Java – Is it Ever Okay to Catch StackOverflowError?

javajvmstackoverflow

I used to think that it's not, but yesterday I had to do it. It's an application that uses Akka (an actor system implementation for the JVM) to process asynchronous jobs. One of the actors performs some PDF manipulation, and because the library is buggy, it dies with a StackOverflowError every now and then.

The second aspect is that Akka is configured to shutdown its whole actor system if any JVM fatal error (e.g. StackOverflowError) is caught.

The third aspect is that this actor system is embedded inside a web app (for WTF-ish, legacy, reasons), so when the actor system is shut down, the web app is not. The net effect is that on a StackOverflowError our job processing application becomes just an empty web app.

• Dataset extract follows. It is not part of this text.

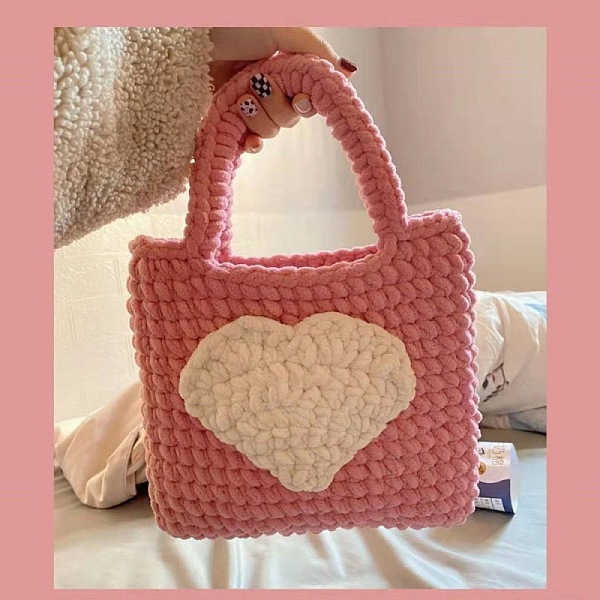 PandaHall DIY Heart Pattern Handbag Knitting Beginner Kits, including Polyester Chunky Yarn, Fiberfill, Crochet Needle, Instruction, White...
PandaHall DIY Heart Pattern Handbag Knitting Beginner Kits, including Polyester Chunky Yarn, Fiberfill, Crochet Needle, Instruction, White...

As a quick fix I had to catch the StackOverflowError being thrown, so that the thread pool of the actor system isn't torn down. This lead me to think that maybe it's sometimes okay to catch such errors especially in contexts like this? When there's a thread pool processing arbitrary tasks? Unlike an OutOfMemoryError I can't imagine how a StackOverflowError can leave an application in an inconsistent state. The stack is cleared after such an error, so computation can go on normally. But maybe I'm missing something important.

Also, let it be noted that I'm all for fixing the error in the first place (as a matter of fact I have already fixed an SOE in this same app a few days ago), but I really don't know when this kind of situation might arise.

Why would it be better to restart the JVM process instead of catching the StackOverflowError, mark that job as failed, and continue with my business?

Is there any compelling reason to never catch SOEs? Except "best practices", which is a vague term that tells me nothing.

Best Answer

As a general rule, if it were absolutely never, ever acceptable to do something, and there was agreement about that, the language implementers would not have allowed it. There are almost no such unanimously clear-cut maxims. (Luckily, because that's what keeps us human programmers in jobs!)

It looks very much as if you've found a situation where catching this error is the best option for you: it lets your application work, while all other alternatives don't, and that's what counts in the end. All "best practices" are simply summations of long experiences with many cases that can usually be used in place of a detailed analysis of a specific case to save time; in your case, you've already done the specific analysis and got a different result. Congratulations, you're capable of independent thought!

(That said, surely there are situations where a stack overflow might leave an application inconsistent just like a memory exhaustion. Just imagine that some object is constructed and then initialized with the help of nested internal method calls - if one of them throws, the object may very well be in a state not supposed to be possible, just as if an allocation had failed. But that doesn't mean that your solution couldn't still be the best one.)